A recent study has found that popular chatbots like ChatGPT and DeepSeek often exaggerate scientific findings when summarizing research articles.
The study, conducted by Uwe Peters from Utrecht University and Benjamin Chin-Yee from Western University in Canada and the University of Cambridge in the UK, analyzed nearly 5,000 chatbot-generated summaries of scientific studies.
Their findings, published in Royal Society Open Science, reveal that up to 73% of these summaries contained inaccuracies that made the research appear more conclusive or impactful than it actually was.
The researchers evaluated ten leading large language models (LLMs), including ChatGPT, DeepSeek, Claude, and LLaMA, over a year-long period.
They compared summaries of abstracts and full-length articles from top scientific journals like Nature, Science, and The Lancet.
What they found was surprising: six out of the ten models routinely exaggerated claims from the original research.
For example, chatbot-generated summaries would often change a careful statement like “The treatment was effective in this study” to a much broader claim like “The treatment is effective,” misleading readers to believe the results were more universally applicable.
What was even more surprising is that prompting the chatbots to be more accurate actually made the problem worse.
According to the study, when the chatbots were specifically asked to avoid inaccuracies, they nearly doubled the rate of overgeneralized conclusions.
This is concerning, said Peters, because many people, including students, researchers, and policymakers, might assume that adding an accuracy request would produce more reliable summaries.
The study proved the opposite, highlighting a critical gap in how LLMs handle scientific information.
The researchers also compared these chatbot-generated summaries with human-written ones.
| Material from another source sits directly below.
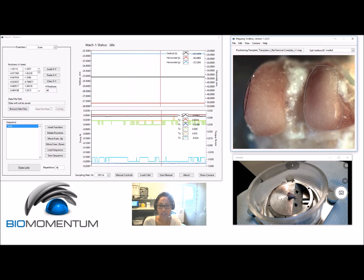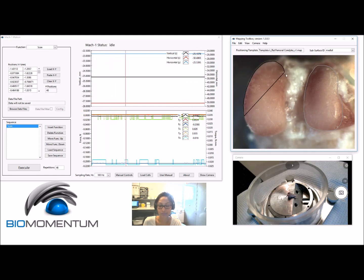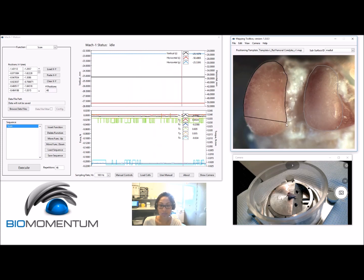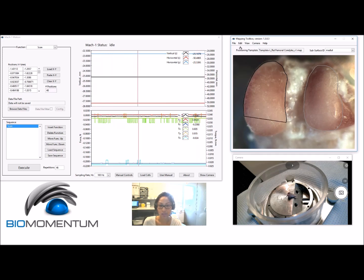Choose Add Boundary and click in the camera feed to define the boundary along the appropriate subsurface. You can also choose Delete Boundary and click in the camera feed at a boundary point to correct any misshape of the subsurface boundary.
They found that the chatbots were nearly five times more likely to produce exaggerated claims than humans summarizing the same research.
More alarmingly, newer versions of the AI models, such as ChatGPT-4o and DeepSeek, performed worse than older versions, suggesting that improvements in AI capabilities have not necessarily led to better accuracy in science communication.
To address these issues, Peters and Chin-Yee recommend using chatbots like Claude, which showed the highest accuracy in avoiding exaggeration.
They also suggest setting chatbots to a lower “temperature,” which reduces their creativity and likelihood of overgeneralizing. Additionally, they advise using prompts that encourage more cautious, past-tense language when summarizing scientific findings.
The researchers stress that if AI is to be a reliable tool for science communication, there needs to be more testing and stricter guidelines.
According to Peters, the goal should be to support science literacy, not undermine it. Their study serves as a reminder that while chatbots are powerful tools, they still need careful oversight when it comes to representing scientific facts.